Así opinaba también Petit, pero no con los socialistas en el poder. Con ellos nos disputamos sectores sociales electoralmente imprescindibles para nosotros. Sin embargo, Horaci estaba convencido de que los militantes entendían mejor que apoyaran a los socialistas. El poder nos lo dan los electores, adujo Petit. Nuestro problema prioritario es no desaparecer, añadió. Que no nos fagociten los socialistas. Pragmatismo que chocó de frente con el idealismo personalista de Horaci:

– Visto así, más vale morir con nuestras ideas que subsistir siendo comparsa de la derecha.
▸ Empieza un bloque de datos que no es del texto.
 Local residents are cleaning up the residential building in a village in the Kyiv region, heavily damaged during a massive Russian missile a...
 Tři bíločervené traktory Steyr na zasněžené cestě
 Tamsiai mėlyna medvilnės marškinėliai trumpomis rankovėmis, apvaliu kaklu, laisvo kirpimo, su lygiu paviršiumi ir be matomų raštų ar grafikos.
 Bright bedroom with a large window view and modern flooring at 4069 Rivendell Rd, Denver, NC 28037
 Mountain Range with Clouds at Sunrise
Nada de morir, se enojó Petit, que en absoluto echaría por la borda lo que tantos años había costado conseguir. Hay una diferencia sustancial entre dejar que gobierne la derecha o mezclarnos con los socialistas. Políticamente, la derecha no nos quita votos. Sin embargo, corremos el peligro de diluirnos si nos unimos al Partido Socialista. Están como locos porque desaparezcamos y ocupar así nuestro espacio electoral. Todo el mundo sabe que no somos igual que los conservadores. Es más, criticamos muchas de sus actuaciones con tal de no hacernos responsables de las acciones del Govern. Pero no todo el mundo sabe que somos distintos de los socialistas. Es cuestión de supervivencia. Es un gran partido, de ámbito estatal, y si asume nuestra política entonces nosotros somos prescindibles.
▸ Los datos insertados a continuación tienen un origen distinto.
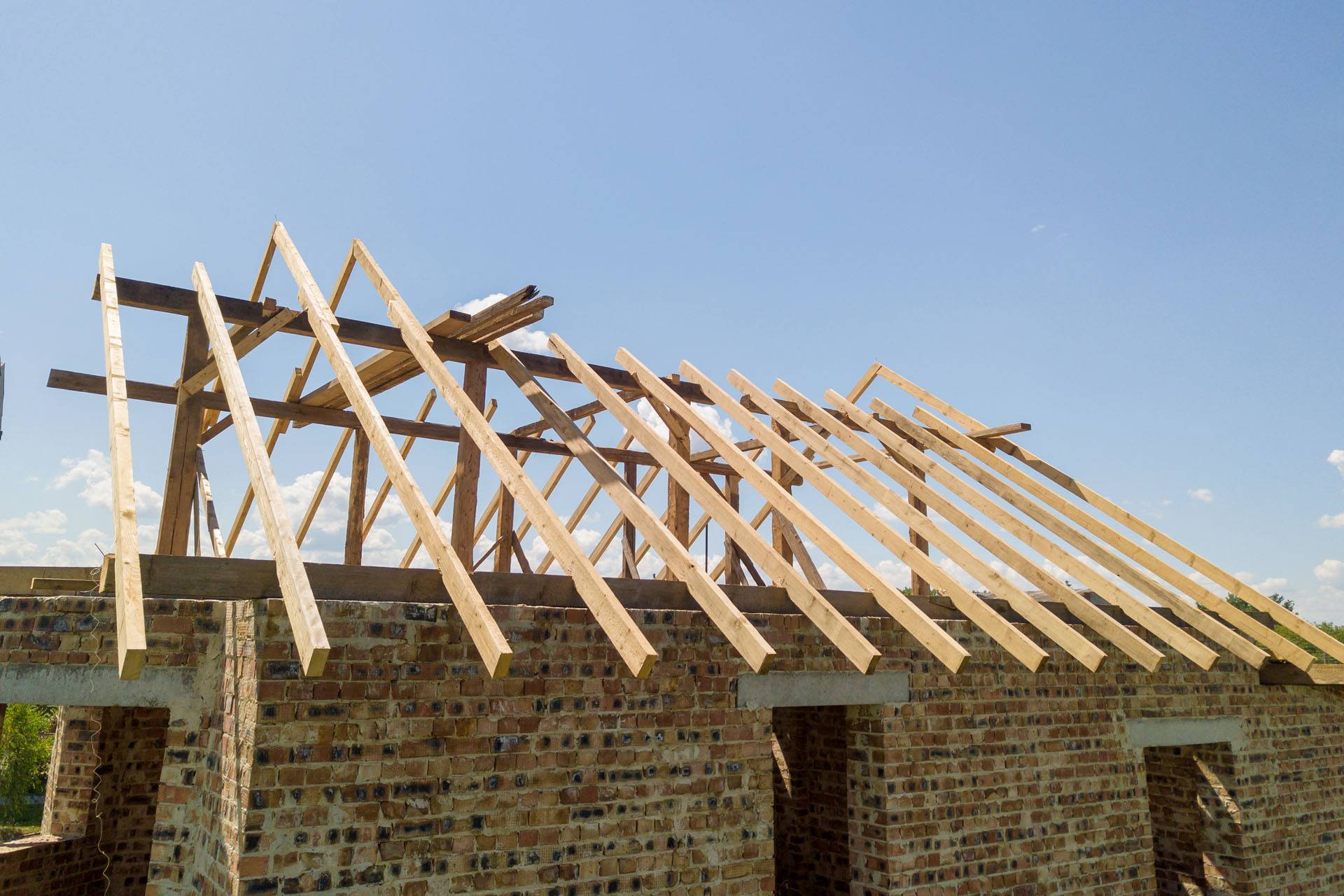 aerial-view-of-unfinished-house-with-wooden-roof-f-2023-11-27-05-32-27-utc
– ¿Y la cuestión nacional?

– En este país, la cuestión nacional nos aporta un tres por ciento. -Las cifras de Petit eran incuestionables.

– Depende de cómo manejes la situación, de los acuerdos que firmes.

– Firma lo que quieras, harán lo que les interese para quedarse como única alternativa del electorado progresista. Un partido nacional debe tener vida propia. Vosotros, admiradores incondicionales de Esquerra Republicana de Catalunya, deberíais comprenderlo. Su decisión de gobernar con el PSC fue política de partido. Erigirse, desde el poder, en el referente nacionalista. Es lo que yo intento con las diferencias contextuales pertinentes: que el referente valencianista no sean los socialistas. No tiene sentido de otro modo. Es cierto que hay coyunturas políticas que nos obligan a adoptar acuerdos impopulares, pero trabajamos a largo plazo.

– ¿No te das cuenta de que al Front lo está salpicando toda la mierda de la derecha?

– Lo único real es que el Front ha dejado de ser un partido extraparlamentario, está vivo.

– Está sucio y ha llegado la hora de devolverle los valores que nunca tendríamos que haber perdido. Con los socialistas acordaremos políticas que todo el mundo sabrá que son las nuestras.

– Una pregunta: ¿os presentaréis con la marca del Front o incluidos en sus listas?

– Eso lo decidirá la militancia.

– Y por supuesto, si todo va mal, te salvarás del suicidio colectivo pasándote al Partido Socialista, con un buen cargo político por los servicios prestados.

– Te diré algo, Francesc. Mañana tengo la intención de debatir contigo argumentos políticos, pero un solo indicio sobre lo que acabas de mencionar y sacaré a la luz las ofertas de trabajo que te ha hecho la derecha. He venido a ofrecerte una salida digna…

– ¿Una salida o una retirada de dinosaurio?

– Si quieres guerra, la tendrás.

Llamaron a la puerta del reservado. Un camarero lustroso y uniformado apareció para recoger las cartas.

– ¿Qué van a tomar los señores? -dijo observándolos fijamente, con un matiz imperioso en la mirada, como si hubiera pasado demasiado tiempo esperando en la puerta.

Ambos se dieron cuenta de que habían estado allí desde el principio. Horaci Guardiola abrió una. Francesc Petit dejó la otra sobre la mesa.

– Ya he tenido bastante con el aperitivo.

Se levantó de un plumazo. Cerró la puerta del reservado con energía al marcharse. Guardiola siguió repasando la carta. Tenía la sensación de que la espantada de Petit era algo ensayado. El camarero se encontró de lo más incómodo. No sabía qué hacer. Era una situación cómica, en cierto modo. Forzó una breve tos de circunstancias mientras se ajustaba la pequeña corbata.

– Tráigame un arroz caldoso con cigalas -pidió Guardiola.

– Disculpe, señor, pero lo hacemos para un mínimo de dos personas.